"""

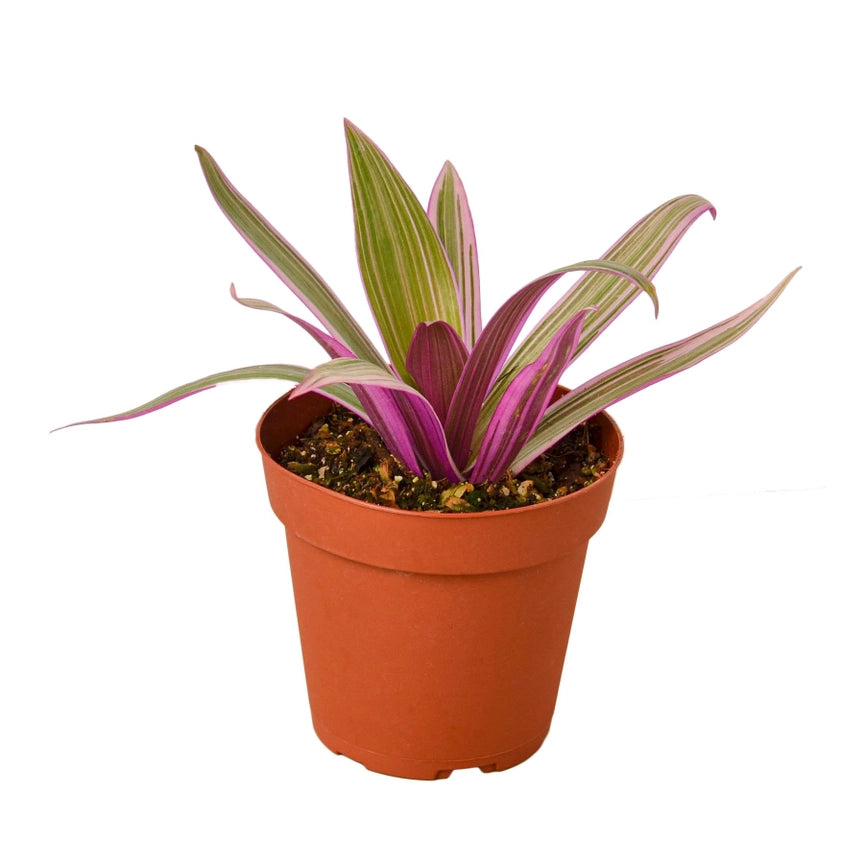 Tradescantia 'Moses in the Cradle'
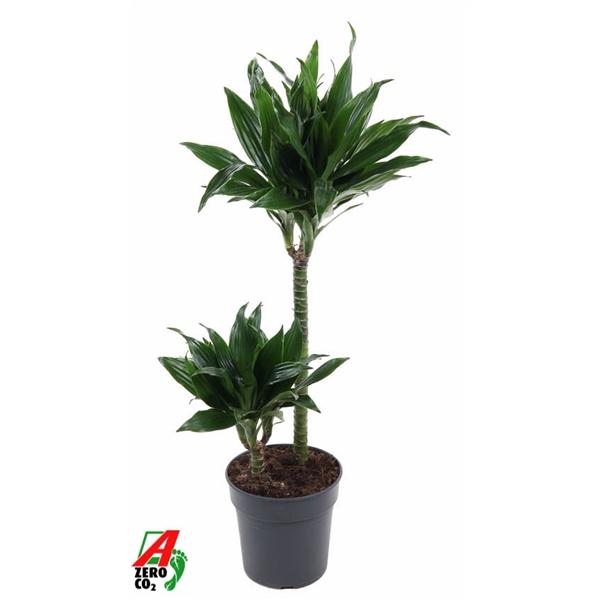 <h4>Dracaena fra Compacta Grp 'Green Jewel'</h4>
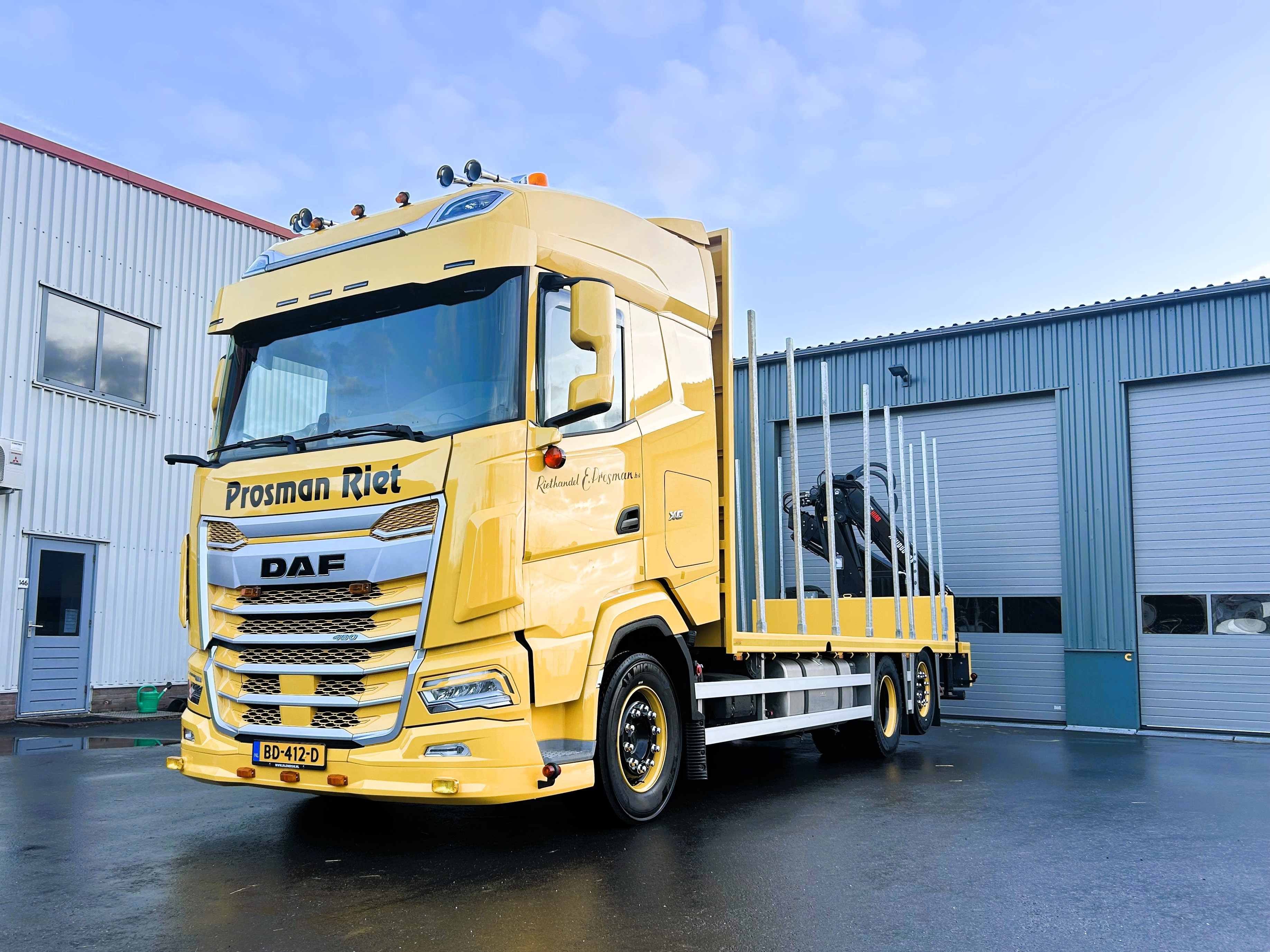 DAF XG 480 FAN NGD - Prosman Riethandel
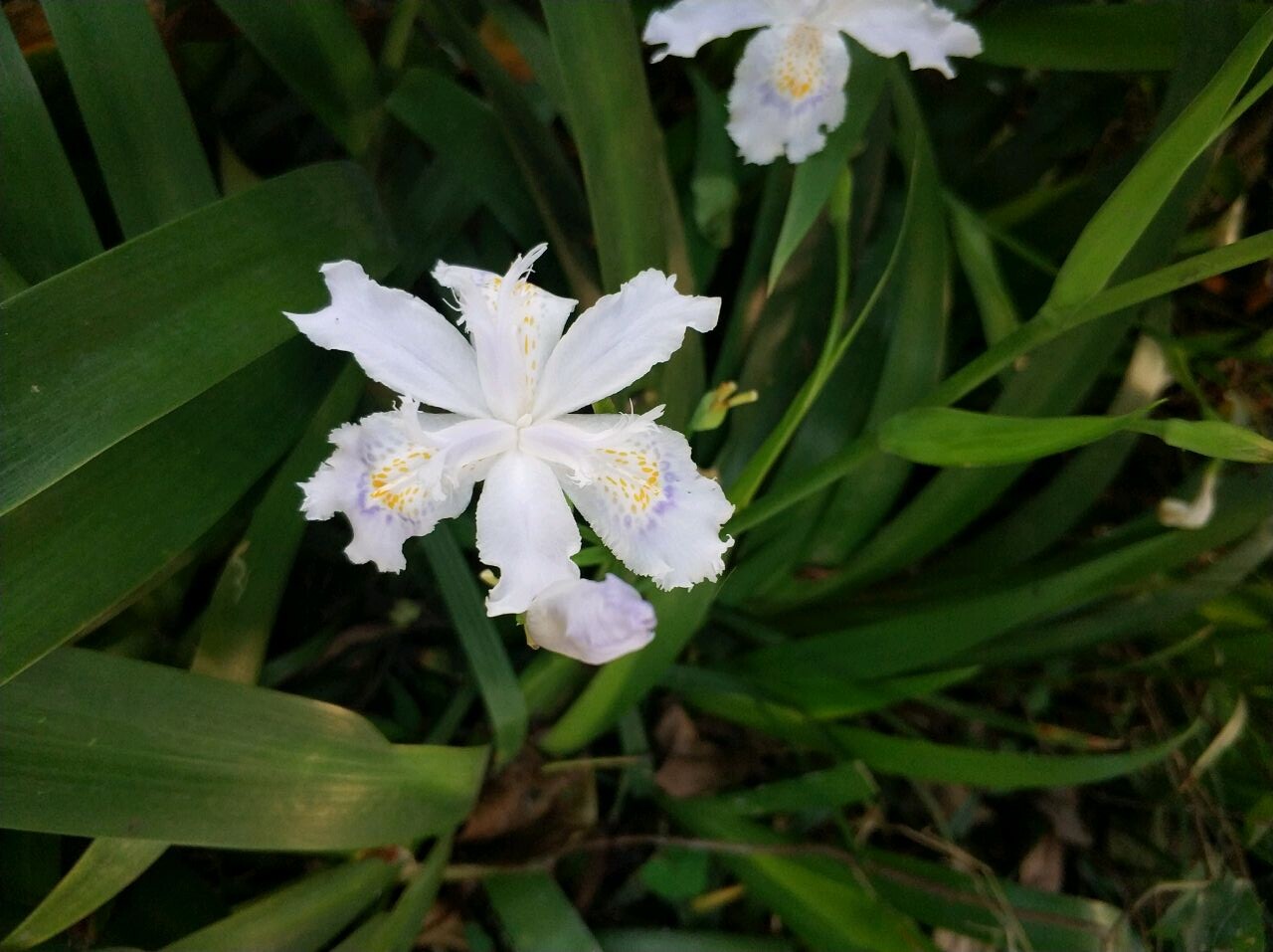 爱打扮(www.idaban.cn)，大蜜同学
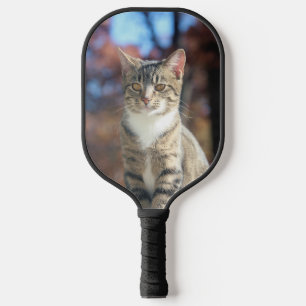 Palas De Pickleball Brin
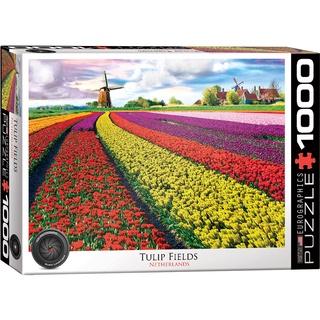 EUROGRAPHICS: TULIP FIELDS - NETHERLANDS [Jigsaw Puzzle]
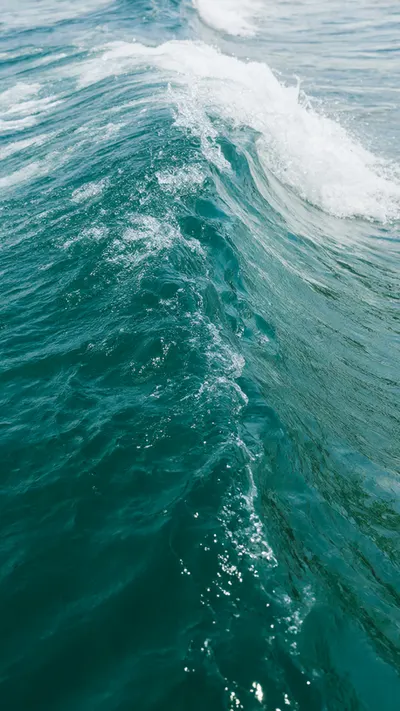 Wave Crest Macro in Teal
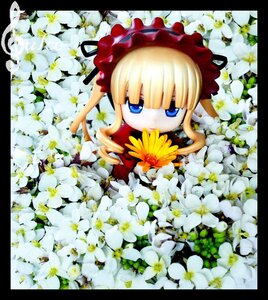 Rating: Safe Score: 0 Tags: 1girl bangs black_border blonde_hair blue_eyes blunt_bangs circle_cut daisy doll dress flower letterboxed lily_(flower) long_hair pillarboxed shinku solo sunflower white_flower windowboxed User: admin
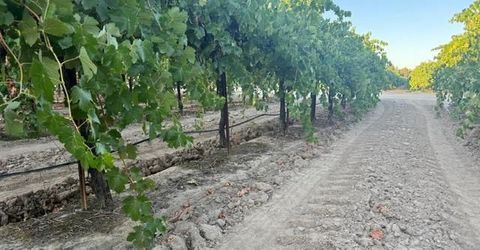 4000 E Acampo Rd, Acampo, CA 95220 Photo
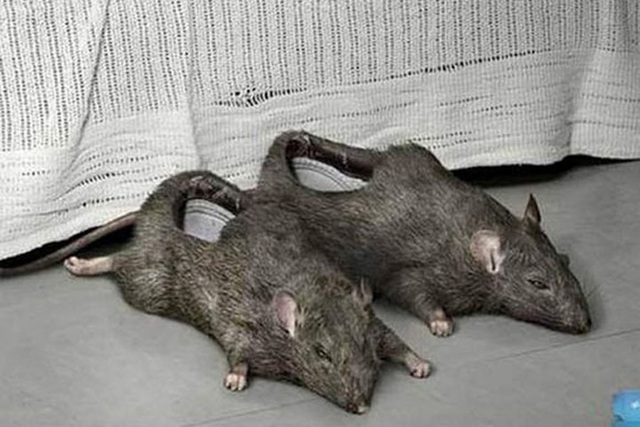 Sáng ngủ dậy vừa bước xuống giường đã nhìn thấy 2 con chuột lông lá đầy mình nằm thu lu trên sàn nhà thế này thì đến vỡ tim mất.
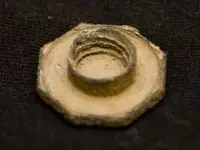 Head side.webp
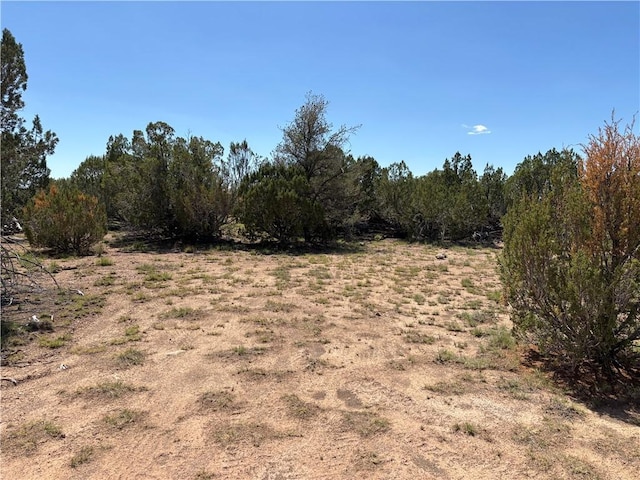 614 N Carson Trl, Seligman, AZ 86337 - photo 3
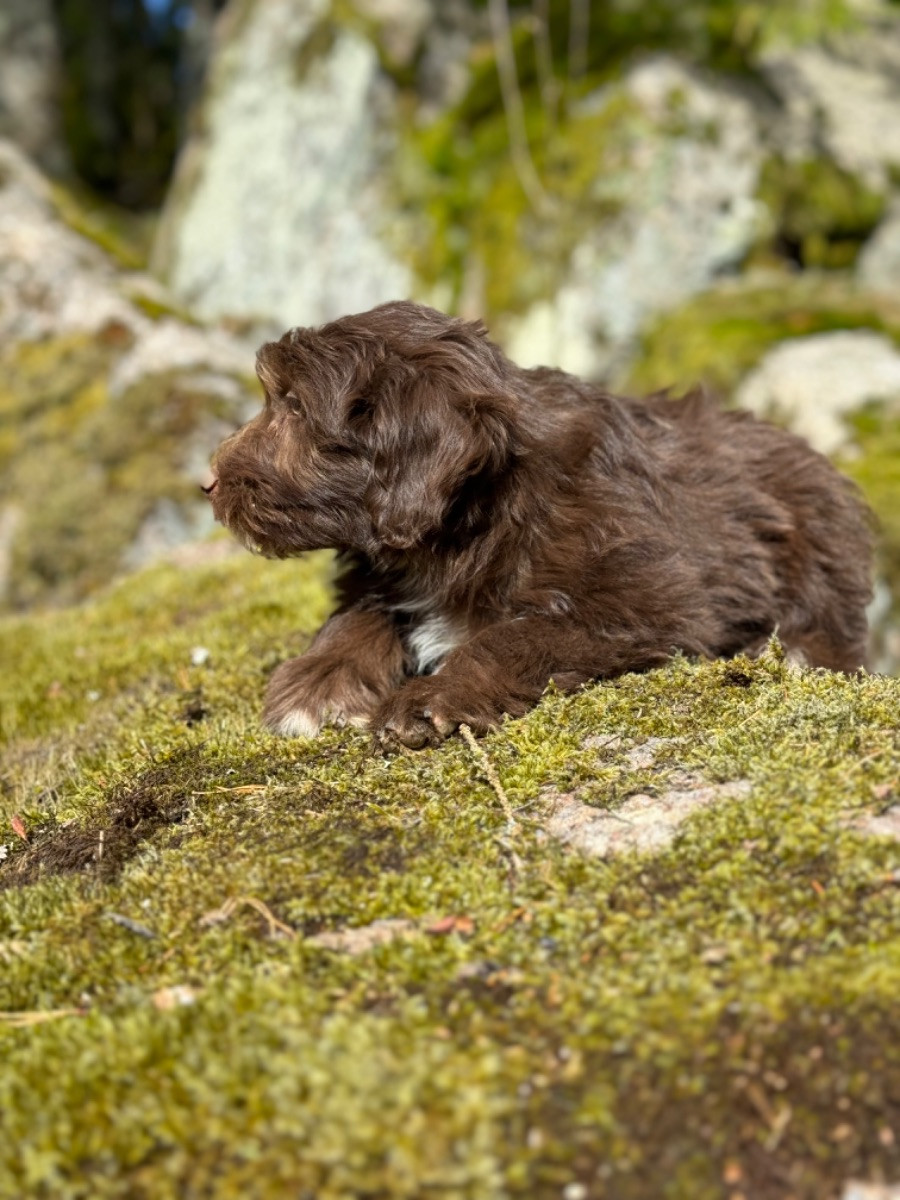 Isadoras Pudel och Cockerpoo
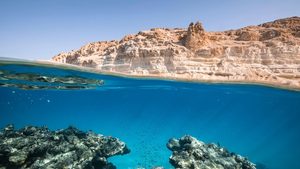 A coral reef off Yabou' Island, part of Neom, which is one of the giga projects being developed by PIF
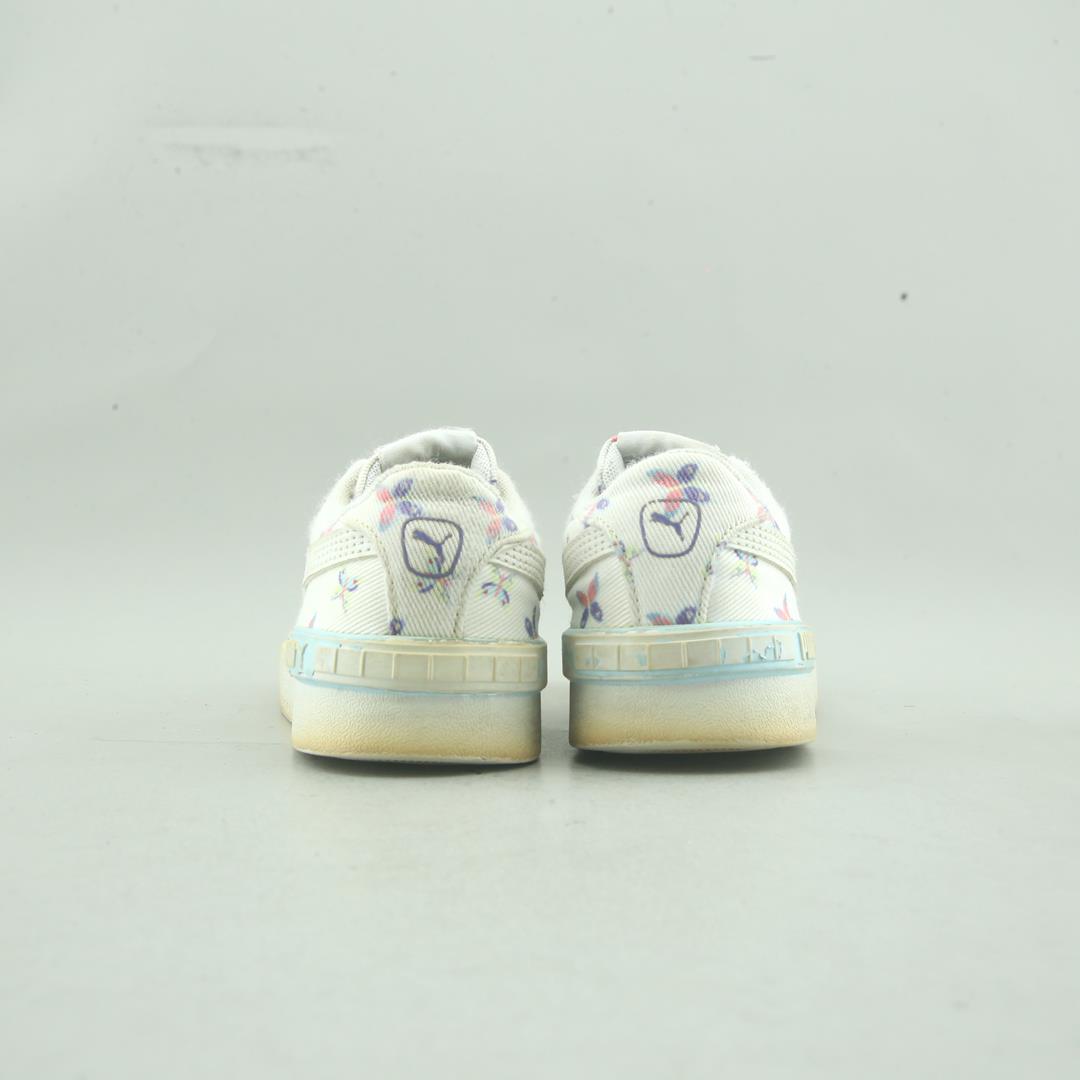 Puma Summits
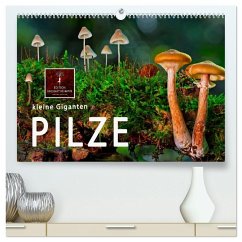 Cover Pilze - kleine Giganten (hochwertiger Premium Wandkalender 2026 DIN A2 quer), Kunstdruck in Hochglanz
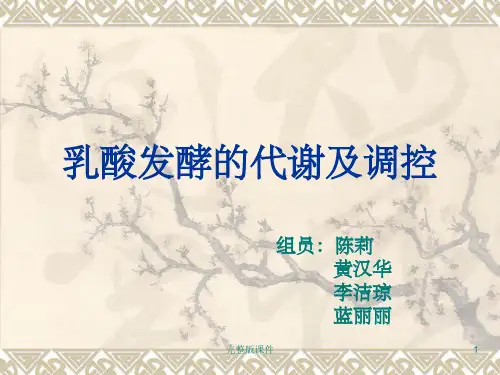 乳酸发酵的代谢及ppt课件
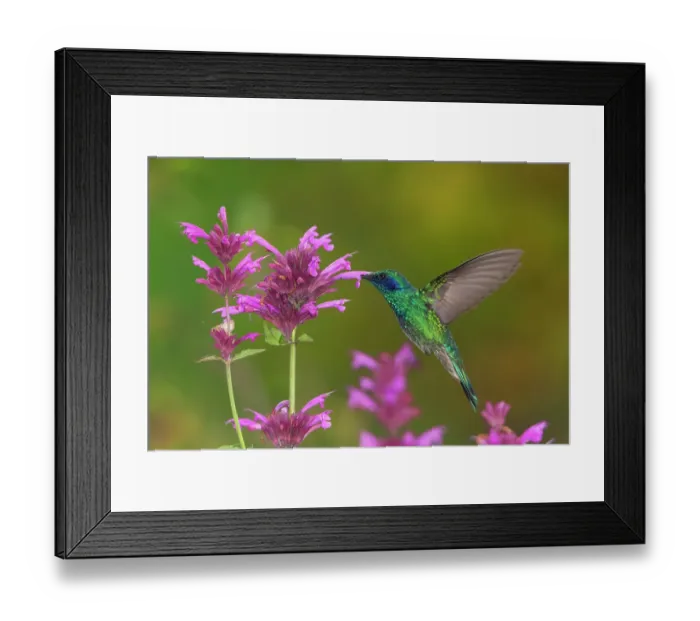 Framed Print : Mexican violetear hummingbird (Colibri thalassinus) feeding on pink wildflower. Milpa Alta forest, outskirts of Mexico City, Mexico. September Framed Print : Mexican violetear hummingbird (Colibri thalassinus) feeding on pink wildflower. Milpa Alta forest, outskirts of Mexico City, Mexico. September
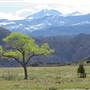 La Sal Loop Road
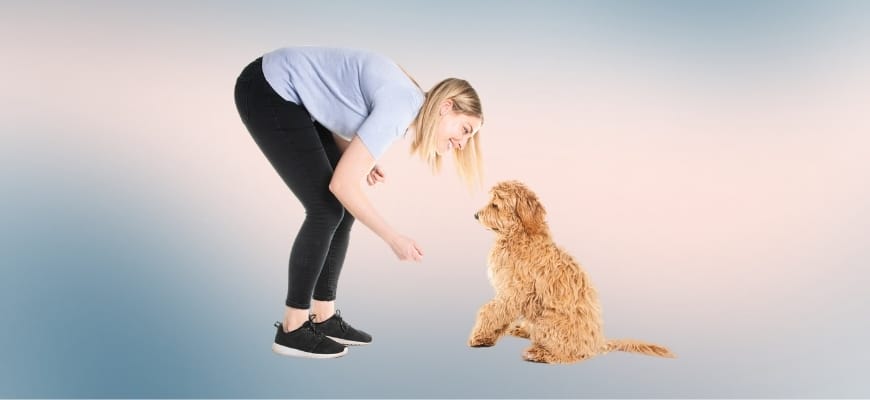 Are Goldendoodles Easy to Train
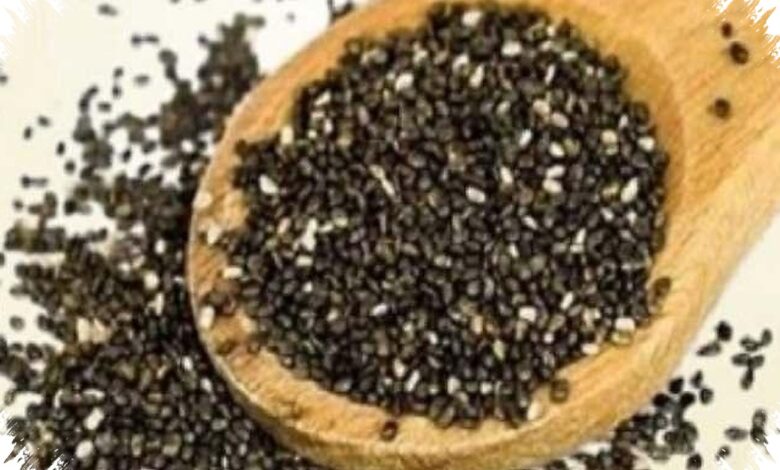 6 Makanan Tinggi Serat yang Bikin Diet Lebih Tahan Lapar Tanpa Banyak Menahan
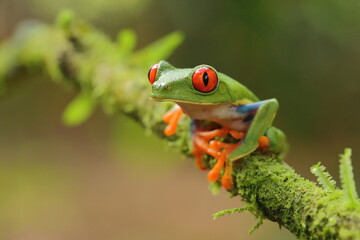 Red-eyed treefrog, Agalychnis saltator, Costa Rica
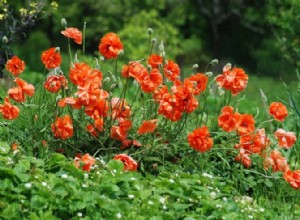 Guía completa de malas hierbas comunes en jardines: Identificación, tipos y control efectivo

"""

Requirement>
Give again, word for word, the lines above from the first one through the one containing "Puma Summits"; no pictures.

Task result>
 Tradescantia 'Moses in the Cradle'
 <h4>Dracaena fra Compacta Grp 'Green Jewel'</h4>
 DAF XG 480 FAN NGD - Prosman Riethandel
 爱打扮(www.idaban.cn)，大蜜同学
 Palas De Pickleball Brin
 EUROGRAPHICS: TULIP FIELDS - NETHERLANDS [Jigsaw Puzzle]
 Wave Crest Macro in Teal
 Rating: Safe Score: 0 Tags: 1girl bangs black_border blonde_hair blue_eyes blunt_bangs circle_cut daisy doll dress flower letterboxed lily_(flower) long_hair pillarboxed shinku solo sunflower white_flower windowboxed User: admin
 4000 E Acampo Rd, Acampo, CA 95220 Photo
 Sáng ngủ dậy vừa bước xuống giường đã nhìn thấy 2 con chuột lông lá đầy mình nằm thu lu trên sàn nhà thế này thì đến vỡ tim mất.
 Head side.webp
 614 N Carson Trl, Seligman, AZ 86337 - photo 3
 Isadoras Pudel och Cockerpoo
 A coral reef off Yabou' Island, part of Neom, which is one of the giga projects being developed by PIF
 Puma Summits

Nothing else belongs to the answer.